This very new play. Very new. Written in response to the Royal Wedding, Justin Butcher’s quick response comedy sounds like a great idea in theory. Take Anthony Hope Hawkins’s much-adapted 1894 novel The Prisoner of Zenda and update it to include the current Royal Family in a matter of a few weeks following the marriage of Prince William and Kate Middleton, allowing for plenty of neat nods to the ceremony and the days leading up to it.
In practice – and, perhaps given the quick turnaround of the project, not surprisingly – it’s a patchy affair; occasionally satisfying but a bit of a mess. Taking its lead from the Victorian novel (though only loosely), The Prisoner of Windsor sees Prince William swap places with a Romanian gardener Romulus – a man who bares an uncanny resemblance to Wills thanks to Prince Philip’s extra-marital dalliances in Eastern Europe. Both prisoners in their own way – Wills trapped by a life of formality and Romulus threatened with deportation – they only truly find their voices in their new roles.
Voice, speech, and language are all key themes here. Butcher has Wills struck down with the same affliction that so dogged his grandfather ‘Bertie’ – as documented in The King’s Speech. Gripped by nerves, he becomes unable to say any words directly connected with the wedding, particularly those beginning with ‘w’ and most debilitating of all, the phrase “I will.” Enter an Aussie called Geoffrey who will attempt to cure the Prince in return for Australia becoming a republic…
Romulus meanwhile is a philosopher and rhetorical genius without an audience, until he uses his fine words to woo Kate on Wills’ behalf and, ultimately, step into the Prince’s shoes. Both John Sheerman as stammering Wills and Nick Malinowski as the learned Romulus give decent comic performers; it’s just a shame they don’t meet until what proves to be the much more enjoyable second half.

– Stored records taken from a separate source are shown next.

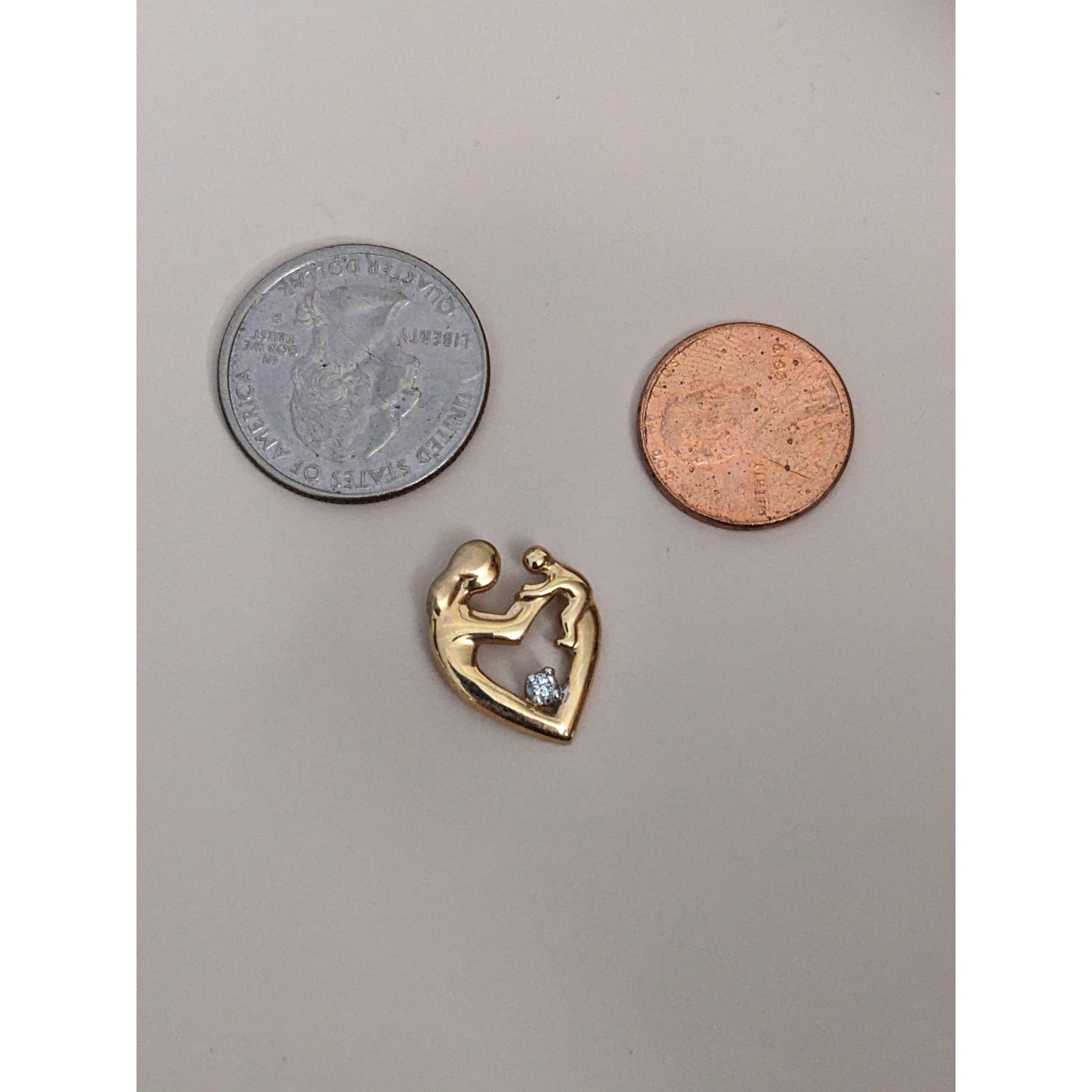 Vintage 14k Yellow Gold Mother and Child Heart Pendant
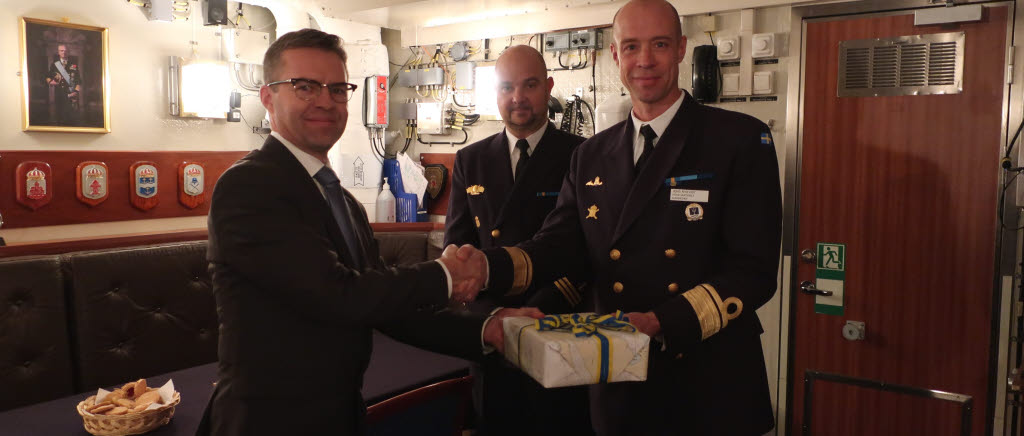 Överlämning av sjömätdata från sjöfartsverket till marinen.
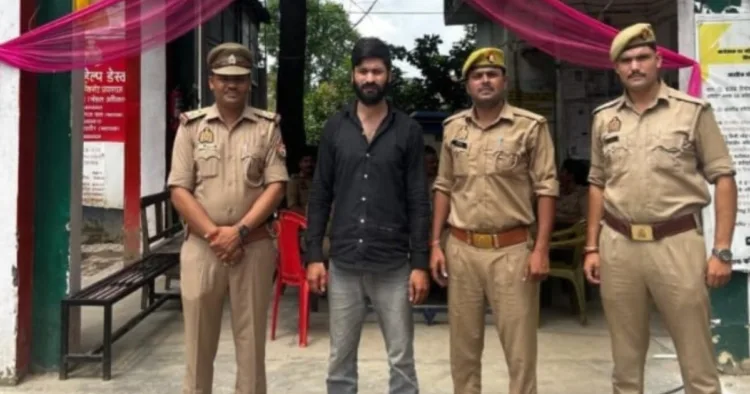 पुलिस की गिरफ्त में आरोपी शाकिब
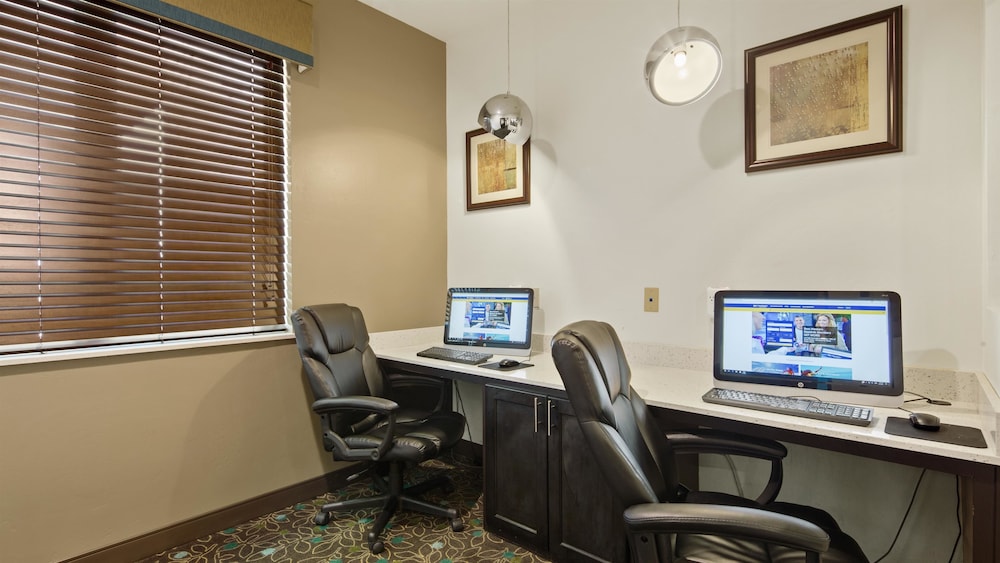 Best Western Lindsay Inn Suites 22/24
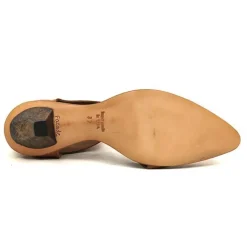 Shoes*CYDWOQ Facade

Having played host to a series of great comics recently including Bill Bailey, Frisky and Mannish and Colin Hoult, Leicester Square Theatre has a reputation for staging ‘funny’. So – with the venue itself having a hand in this production – it was reasonable to think that The Prisoner of Windsor would deliver on the laughs front. Unfortunately, this is isn’t the case, especially early on. The humour is pretty broad stuff with several jokes failing to land, although things do pick up a bit as the play takes on a more conventional farce set-up. This upward trajectory continues and the production ends on a relative high. The closing scenes take place during the wedding ceremony itself, and Butcher has real fun in allowing the audience to hear what Wills, Kate, the Queen and Prince Philip were “really” saying during those lengthy sermons.
It’s rough around the edges and probably not as funny as it needs to be, but it features some decent lead performances and while much of the set-up seems to have been planned before the wedding, there is enough material based on the events themselves to amuse; in fact this is the material that works best.